◆ **Work order**:
If a line in the records below contains the word "Photo", copy it out.

(Input for this task Opens)

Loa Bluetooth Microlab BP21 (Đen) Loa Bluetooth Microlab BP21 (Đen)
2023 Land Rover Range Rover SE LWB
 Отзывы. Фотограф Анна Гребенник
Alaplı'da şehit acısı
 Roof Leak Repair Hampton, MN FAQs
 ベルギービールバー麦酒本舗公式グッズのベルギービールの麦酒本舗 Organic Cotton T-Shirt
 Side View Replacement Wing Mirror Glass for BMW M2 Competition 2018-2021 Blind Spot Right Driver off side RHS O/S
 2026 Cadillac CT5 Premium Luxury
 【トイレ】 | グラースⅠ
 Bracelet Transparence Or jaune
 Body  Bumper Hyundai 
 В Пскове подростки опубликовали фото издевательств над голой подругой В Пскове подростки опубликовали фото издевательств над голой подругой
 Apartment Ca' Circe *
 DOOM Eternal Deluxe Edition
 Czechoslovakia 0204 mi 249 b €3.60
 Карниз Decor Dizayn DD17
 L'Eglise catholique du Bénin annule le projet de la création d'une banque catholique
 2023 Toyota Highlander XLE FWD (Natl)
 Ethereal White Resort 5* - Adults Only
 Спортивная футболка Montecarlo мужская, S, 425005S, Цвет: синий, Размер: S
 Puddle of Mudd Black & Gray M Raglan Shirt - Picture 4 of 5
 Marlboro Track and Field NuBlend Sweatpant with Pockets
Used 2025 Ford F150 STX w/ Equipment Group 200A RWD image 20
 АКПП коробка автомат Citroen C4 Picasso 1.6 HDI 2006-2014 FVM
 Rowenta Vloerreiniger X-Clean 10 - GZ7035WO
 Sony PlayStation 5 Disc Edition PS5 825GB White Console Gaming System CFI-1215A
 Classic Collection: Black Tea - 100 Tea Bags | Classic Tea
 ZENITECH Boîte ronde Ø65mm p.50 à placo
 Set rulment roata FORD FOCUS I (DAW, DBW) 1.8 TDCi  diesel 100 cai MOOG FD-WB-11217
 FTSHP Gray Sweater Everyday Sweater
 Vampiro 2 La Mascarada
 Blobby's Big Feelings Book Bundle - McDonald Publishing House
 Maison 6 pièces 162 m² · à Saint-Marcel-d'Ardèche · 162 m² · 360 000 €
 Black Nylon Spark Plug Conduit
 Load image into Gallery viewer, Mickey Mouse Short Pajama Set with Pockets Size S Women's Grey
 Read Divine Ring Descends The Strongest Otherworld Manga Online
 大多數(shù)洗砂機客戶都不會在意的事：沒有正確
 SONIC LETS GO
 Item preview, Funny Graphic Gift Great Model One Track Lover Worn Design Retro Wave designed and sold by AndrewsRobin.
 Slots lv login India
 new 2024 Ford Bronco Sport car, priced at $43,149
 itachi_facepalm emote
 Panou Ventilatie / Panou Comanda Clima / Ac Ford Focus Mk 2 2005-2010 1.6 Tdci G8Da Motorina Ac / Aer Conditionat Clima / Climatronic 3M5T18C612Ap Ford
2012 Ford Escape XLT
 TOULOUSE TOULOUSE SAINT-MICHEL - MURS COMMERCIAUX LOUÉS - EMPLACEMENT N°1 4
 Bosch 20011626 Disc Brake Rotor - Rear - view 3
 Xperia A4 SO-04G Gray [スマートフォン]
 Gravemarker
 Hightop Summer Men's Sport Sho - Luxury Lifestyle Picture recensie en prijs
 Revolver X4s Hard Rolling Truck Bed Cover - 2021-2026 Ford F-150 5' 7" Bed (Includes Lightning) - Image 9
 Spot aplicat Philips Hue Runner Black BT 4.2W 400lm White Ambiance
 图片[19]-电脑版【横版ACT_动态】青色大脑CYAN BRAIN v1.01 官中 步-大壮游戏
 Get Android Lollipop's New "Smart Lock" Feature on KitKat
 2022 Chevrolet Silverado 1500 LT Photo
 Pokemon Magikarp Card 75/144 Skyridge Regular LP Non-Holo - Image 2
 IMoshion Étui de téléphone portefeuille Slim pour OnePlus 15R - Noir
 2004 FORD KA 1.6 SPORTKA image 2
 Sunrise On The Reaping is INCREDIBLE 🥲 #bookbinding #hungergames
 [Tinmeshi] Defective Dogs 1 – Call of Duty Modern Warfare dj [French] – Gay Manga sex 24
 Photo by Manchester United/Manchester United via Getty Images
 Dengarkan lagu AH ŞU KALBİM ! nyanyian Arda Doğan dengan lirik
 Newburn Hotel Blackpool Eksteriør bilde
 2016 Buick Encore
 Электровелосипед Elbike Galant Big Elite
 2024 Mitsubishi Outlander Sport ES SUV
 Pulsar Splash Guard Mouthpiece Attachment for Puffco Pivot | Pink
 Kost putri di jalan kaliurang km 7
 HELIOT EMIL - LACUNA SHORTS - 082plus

(Input for this task Closes)

◆ **Your response**:
 2022 Chevrolet Silverado 1500 LT Photo
 Photo by Manchester United/Manchester United via Getty Images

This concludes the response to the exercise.